1. Comprehensive Waste Audit
Great Forest audited each campus’s waste to determine:
- How much waste was being generated.
- The sources of that waste–i.e. the generation points (eg: common office areas, deskside office areas, front-of-house cafeteria, back-of-house kitchen).
- The types of material being discarded–each waste stream and generation point was sorted into 22 material type categories.
2. Infrastructure Assessment
Our team conducted a detailed walkthrough of each campus, reviewing:
- Waste infrastructure to assess all areas where waste was generated, transported, and stored.
- Existing waste-related operations to determine if handling and removal processes and protocols were in compliance with local and state waste-related regulations.
- Opportunities for optimization and improvement.
With this waste data, Great Forest conducted a TRUE Feasibility Assessment to evaluate each of the 81 possible TRUE credits across 16 categories, taking into consideration cost, effort, and impact. The assessment provided a clear breakdown of:
- Achievable Credits: Actions that could be implemented immediately or with modest adjustments to the existing program.
- Potential Credits: Goals that could be achieved through considerable time, effort, and programmatic changes and/or available local markets/opportunities.
- Credits that would not apply or are unachievable: Targets that were either irrelevant or unattainable due to a variety of constraints.
Results
Great Forest’s TRUE Feasibility Assessment delivered a 3-5 year plan designed to cultivate a culture of Zero Waste that would lead to TRUE certification.

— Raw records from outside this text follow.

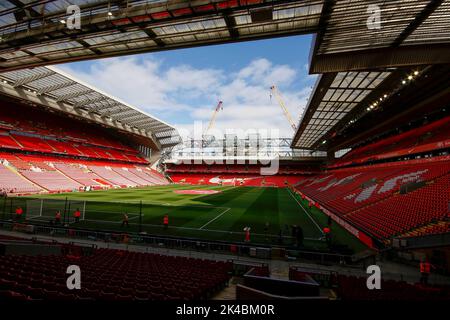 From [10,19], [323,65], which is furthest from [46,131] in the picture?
[323,65]

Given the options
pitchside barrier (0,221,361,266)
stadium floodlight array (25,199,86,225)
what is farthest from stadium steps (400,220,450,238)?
stadium floodlight array (25,199,86,225)

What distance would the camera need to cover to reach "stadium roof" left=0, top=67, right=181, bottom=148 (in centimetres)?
3103

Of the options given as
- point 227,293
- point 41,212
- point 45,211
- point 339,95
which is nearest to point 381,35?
point 339,95

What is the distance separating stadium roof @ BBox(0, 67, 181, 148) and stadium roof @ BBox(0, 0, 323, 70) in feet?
75.5

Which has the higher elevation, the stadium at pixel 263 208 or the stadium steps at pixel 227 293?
the stadium at pixel 263 208

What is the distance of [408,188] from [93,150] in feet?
209

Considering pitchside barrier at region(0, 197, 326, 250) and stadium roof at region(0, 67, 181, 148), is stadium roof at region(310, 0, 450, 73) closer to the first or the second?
pitchside barrier at region(0, 197, 326, 250)

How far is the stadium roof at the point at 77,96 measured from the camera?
1222 inches

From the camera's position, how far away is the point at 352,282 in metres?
8.53

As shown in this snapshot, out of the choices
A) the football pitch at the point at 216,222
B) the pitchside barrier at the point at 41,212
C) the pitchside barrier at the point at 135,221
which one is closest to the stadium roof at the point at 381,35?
the football pitch at the point at 216,222

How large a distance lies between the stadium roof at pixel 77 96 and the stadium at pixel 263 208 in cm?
36

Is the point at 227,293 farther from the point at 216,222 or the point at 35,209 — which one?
the point at 35,209

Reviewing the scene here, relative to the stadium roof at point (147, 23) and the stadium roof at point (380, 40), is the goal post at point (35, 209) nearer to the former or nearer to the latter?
the stadium roof at point (147, 23)

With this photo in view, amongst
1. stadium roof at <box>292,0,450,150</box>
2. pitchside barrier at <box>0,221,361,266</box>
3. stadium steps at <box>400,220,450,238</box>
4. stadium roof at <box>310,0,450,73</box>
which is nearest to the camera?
stadium roof at <box>310,0,450,73</box> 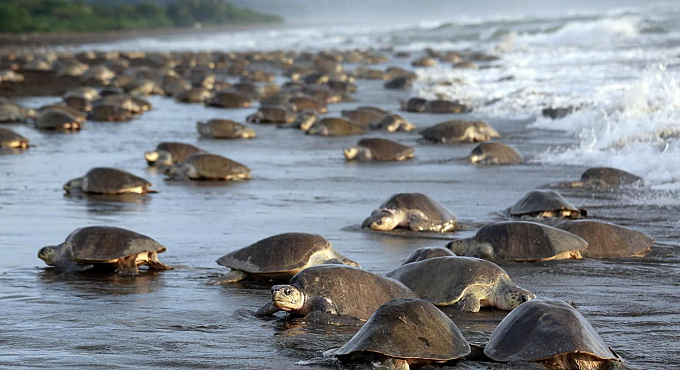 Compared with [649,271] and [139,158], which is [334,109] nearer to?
[139,158]

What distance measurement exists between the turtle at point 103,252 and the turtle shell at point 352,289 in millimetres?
1460

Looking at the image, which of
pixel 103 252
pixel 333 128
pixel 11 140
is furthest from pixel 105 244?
pixel 333 128

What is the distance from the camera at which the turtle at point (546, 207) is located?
7.51 m

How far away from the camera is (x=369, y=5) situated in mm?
173750

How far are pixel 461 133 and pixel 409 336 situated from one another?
9.36m

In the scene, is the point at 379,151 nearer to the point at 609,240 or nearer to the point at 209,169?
the point at 209,169

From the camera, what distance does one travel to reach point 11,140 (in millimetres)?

Our recommendations included infrastructural adjustments and optimization, guidance for purchasing and procurement to reduce waste at the source, and programs for employee education, engagement, and cultural buy-in to secure active participation across all levels of the organization.
NOTE: While designed to align with TRUE Zero Waste certification requirements, our recommendations would deliver measurable results in waste reduction, efficiency, and cost savings, even without certification.